For 31 years, serial killer Dennis Rader terrorized Wichita, Kansas, as the BTK Killer. Between 1974 and 1991, he strangled 10 victims, killing both men and women, adults and children. He named himself after his self-professed “M.O.,” which he described as “Bind them, torture them, kill them” in a 1974 letter to The Wichita Eagle. It was the first of many communications to the police and local media, and in the end, it was Rader’s egotistical need to brag about his crimes and taunt the authorities that would lead to his arrest.

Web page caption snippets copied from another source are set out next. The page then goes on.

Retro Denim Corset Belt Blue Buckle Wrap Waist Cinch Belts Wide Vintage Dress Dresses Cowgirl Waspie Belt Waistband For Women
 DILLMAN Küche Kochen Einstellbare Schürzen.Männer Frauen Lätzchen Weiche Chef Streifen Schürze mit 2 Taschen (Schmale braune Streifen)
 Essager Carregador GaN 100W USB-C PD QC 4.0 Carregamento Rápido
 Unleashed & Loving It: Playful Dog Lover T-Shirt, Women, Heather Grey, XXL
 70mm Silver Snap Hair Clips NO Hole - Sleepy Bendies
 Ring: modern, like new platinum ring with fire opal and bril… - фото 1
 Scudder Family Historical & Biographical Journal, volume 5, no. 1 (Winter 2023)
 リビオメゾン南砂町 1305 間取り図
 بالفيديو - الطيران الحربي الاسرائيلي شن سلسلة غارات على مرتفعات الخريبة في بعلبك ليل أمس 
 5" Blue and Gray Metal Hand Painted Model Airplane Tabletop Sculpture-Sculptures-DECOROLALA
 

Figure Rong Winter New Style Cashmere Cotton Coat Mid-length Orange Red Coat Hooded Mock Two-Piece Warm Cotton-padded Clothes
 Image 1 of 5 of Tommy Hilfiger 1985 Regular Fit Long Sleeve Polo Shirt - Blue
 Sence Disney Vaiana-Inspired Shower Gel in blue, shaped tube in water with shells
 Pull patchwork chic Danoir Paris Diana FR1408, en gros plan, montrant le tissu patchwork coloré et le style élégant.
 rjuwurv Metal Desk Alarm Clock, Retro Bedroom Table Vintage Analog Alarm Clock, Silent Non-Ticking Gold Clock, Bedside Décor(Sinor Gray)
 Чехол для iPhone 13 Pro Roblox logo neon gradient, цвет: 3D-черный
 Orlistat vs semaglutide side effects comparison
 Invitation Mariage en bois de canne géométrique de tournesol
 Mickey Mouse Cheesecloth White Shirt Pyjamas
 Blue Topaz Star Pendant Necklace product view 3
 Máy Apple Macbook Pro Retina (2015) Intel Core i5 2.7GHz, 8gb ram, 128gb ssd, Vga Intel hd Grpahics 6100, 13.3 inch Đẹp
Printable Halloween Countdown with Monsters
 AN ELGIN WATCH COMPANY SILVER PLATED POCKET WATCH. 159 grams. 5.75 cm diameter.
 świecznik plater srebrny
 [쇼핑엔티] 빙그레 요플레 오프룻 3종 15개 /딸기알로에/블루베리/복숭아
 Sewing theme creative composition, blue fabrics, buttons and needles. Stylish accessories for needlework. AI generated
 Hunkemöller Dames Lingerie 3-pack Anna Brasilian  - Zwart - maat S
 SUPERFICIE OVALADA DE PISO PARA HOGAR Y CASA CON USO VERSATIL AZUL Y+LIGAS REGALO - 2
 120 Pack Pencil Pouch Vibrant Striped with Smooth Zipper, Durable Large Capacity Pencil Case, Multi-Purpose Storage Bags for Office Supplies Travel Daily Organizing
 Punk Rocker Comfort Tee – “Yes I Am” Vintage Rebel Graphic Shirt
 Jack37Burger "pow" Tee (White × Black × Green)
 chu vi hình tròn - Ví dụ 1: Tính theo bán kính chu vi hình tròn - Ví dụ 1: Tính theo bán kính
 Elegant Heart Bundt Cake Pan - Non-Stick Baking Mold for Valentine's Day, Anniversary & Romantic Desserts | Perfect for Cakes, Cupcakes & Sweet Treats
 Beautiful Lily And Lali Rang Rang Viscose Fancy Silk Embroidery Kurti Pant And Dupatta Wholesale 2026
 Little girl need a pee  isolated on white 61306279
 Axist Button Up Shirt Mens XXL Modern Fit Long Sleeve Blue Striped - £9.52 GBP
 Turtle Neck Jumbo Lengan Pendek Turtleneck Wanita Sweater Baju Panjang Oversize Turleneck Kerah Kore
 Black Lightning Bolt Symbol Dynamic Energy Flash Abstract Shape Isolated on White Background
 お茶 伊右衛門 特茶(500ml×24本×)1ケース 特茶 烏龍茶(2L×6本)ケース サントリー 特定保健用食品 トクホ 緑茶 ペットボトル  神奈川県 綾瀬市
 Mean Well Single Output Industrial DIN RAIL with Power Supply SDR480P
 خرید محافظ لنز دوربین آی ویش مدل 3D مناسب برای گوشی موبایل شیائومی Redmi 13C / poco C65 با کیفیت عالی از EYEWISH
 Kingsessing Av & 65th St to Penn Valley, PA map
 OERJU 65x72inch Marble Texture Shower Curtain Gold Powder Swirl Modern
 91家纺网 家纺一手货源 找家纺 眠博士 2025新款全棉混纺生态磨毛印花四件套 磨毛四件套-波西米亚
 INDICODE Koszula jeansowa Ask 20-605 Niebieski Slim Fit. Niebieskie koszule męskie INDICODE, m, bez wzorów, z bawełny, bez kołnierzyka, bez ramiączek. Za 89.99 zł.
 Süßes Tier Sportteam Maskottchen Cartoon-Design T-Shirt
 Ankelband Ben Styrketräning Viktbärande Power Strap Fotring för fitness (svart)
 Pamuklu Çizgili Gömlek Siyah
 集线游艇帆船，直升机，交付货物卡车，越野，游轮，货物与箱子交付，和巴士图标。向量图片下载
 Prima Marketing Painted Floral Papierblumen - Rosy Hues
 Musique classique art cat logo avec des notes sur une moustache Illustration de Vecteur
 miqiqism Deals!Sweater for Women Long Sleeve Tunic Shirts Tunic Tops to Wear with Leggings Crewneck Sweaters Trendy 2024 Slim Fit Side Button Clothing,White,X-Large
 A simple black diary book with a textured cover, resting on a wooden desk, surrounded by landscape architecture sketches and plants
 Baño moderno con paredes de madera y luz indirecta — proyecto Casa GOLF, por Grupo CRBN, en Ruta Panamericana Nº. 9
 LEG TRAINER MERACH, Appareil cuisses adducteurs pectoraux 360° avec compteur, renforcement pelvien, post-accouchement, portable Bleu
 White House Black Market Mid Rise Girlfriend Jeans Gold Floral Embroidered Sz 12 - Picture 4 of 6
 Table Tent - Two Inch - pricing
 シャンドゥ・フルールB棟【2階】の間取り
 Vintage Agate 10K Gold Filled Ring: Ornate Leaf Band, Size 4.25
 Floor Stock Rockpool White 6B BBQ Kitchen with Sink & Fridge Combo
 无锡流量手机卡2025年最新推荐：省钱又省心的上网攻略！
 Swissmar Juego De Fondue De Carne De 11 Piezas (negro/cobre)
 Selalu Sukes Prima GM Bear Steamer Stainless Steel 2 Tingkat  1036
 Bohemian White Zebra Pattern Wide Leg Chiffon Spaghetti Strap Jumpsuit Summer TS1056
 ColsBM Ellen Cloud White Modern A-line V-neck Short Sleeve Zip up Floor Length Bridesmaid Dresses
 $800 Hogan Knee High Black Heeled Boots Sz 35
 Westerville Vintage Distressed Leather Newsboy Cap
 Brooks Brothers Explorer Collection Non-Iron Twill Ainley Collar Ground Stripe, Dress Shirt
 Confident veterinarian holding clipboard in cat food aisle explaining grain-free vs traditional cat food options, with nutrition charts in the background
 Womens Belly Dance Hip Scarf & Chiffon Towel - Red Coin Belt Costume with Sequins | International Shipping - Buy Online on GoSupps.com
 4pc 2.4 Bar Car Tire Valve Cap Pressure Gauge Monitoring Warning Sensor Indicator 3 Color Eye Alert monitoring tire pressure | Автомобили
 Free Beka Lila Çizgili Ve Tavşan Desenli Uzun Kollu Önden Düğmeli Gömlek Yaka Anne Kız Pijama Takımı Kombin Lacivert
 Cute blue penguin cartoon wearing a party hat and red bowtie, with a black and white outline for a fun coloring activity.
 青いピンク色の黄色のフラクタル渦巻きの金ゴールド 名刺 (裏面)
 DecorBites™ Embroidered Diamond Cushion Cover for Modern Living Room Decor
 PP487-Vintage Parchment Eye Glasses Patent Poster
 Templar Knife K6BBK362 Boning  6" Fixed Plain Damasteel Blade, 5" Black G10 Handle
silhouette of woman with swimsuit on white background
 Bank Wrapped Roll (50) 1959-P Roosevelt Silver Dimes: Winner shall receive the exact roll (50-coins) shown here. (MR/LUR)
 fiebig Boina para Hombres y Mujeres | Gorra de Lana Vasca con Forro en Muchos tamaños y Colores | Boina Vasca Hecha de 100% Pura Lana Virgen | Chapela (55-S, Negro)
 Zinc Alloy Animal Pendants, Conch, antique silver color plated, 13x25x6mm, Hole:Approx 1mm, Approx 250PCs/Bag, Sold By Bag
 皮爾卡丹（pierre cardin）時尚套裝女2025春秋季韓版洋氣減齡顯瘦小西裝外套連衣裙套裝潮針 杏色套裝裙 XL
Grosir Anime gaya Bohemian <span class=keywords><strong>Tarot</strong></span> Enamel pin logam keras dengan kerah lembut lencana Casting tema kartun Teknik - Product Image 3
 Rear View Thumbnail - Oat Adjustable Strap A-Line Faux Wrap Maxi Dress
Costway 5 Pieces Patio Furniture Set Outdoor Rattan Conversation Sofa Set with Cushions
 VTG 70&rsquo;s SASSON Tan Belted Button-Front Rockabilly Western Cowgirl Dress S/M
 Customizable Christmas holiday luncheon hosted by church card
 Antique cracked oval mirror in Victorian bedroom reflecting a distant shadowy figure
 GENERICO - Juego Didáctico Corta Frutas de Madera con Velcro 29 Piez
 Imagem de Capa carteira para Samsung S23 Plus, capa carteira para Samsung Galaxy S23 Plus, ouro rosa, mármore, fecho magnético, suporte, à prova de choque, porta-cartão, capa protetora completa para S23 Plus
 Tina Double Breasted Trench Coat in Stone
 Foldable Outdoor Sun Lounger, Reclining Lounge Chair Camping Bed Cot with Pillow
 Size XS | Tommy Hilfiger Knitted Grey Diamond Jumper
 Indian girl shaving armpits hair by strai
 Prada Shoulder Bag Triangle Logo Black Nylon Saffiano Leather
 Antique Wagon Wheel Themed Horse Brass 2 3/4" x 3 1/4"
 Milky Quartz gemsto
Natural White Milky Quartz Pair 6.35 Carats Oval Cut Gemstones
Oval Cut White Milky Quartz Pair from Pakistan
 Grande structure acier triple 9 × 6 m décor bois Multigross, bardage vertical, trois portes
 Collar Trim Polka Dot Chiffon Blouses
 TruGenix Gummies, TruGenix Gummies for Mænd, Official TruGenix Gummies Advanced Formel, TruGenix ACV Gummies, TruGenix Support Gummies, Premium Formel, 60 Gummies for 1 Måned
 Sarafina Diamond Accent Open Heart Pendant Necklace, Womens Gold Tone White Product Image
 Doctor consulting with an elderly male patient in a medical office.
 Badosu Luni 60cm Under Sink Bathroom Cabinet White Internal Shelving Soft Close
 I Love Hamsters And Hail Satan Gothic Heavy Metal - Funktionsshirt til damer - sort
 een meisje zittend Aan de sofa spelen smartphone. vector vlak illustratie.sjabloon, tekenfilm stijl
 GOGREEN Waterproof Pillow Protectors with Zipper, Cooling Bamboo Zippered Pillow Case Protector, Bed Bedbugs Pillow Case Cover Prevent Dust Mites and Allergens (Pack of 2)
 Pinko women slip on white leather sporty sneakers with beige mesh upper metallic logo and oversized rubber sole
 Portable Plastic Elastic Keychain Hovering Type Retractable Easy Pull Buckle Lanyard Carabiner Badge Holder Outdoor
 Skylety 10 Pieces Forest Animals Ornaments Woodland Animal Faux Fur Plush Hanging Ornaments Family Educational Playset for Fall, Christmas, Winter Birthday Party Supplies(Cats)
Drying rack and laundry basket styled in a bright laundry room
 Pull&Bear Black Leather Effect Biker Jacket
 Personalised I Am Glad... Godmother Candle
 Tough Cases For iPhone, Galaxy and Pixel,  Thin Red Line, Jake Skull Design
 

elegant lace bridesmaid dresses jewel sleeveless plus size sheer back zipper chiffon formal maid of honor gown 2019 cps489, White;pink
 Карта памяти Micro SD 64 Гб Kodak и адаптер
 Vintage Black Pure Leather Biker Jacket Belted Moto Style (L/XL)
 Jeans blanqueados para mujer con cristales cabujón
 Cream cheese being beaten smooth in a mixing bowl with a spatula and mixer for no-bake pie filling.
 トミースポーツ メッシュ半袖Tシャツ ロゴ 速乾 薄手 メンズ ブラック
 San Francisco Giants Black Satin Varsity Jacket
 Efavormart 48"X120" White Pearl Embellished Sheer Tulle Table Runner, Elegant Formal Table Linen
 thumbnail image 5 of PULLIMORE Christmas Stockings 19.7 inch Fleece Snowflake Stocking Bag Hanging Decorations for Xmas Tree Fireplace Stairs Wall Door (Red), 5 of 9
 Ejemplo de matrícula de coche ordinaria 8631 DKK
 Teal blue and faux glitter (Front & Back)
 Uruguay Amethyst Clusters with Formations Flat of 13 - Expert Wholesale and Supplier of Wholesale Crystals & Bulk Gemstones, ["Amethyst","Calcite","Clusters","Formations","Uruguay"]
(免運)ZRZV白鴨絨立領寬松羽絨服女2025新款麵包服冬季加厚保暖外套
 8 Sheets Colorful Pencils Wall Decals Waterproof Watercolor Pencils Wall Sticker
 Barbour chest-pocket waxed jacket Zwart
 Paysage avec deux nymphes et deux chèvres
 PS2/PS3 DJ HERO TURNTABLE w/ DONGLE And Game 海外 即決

Police first became aware of the BTK Killer with the brutal 1974 quadruple homicide of four members of the Otero family — parents Joseph, 38, and Julie, 33, and two of their five children, 9-year-old Joseph Jr. and Josephine, 11. He struck again that April, killing 21-year-old Kathryn Bright and shooting her brother, who survived.

About 10 months after his first murders, Rader made an anonymous phone call to The Wichita Eagle newspaper, telling them there was a letter hidden inside a book at the Wichita Public Library. There, they found the note describing the Otero murders, which was signed, “YOURS, TRULY GUILTILY.” Rather than alarm the public, The Eagle and the Wichita Police Department decided to sit on the letter. However, when a reporter for the rival Wichita Sun received a copy, they broke the story and let Wichita know a serial killer was on the loose.

Rader was a deliberate and methodical killer. After choosing his victims, he would stalk them and learn their daily routines before gaining entrance to their homes, tying them up and strangling them to death to satisfy his sexual fetishes. Rader took a lot of time off between his attacks, sometimes as long as eight years, before he would strike again. His crimes were often accompanied by letters to the press, such as his 1978 letters, which followed the 1977 murders of Shirley Vian and Nancy Fox. One of them complained, “How many do I have to kill before I get my name in the paper or some national attention?"  

[Photo: Getty Images]

Between crimes, Rader hid in plain sight, leading a life The New York Times described as “intensely ordinarily.” He was a married suburban dad, a Scout Leader to his son’s Boy Scout Troop and an active member of his church. Ironically, he worked installing security systems for ADT and later as a compliance officer and city dogcatcher. But his need to gloat over his killings would draw him out of the shadows and into the crosshairs of law enforcement, who had been waiting doggedly for a break in the case.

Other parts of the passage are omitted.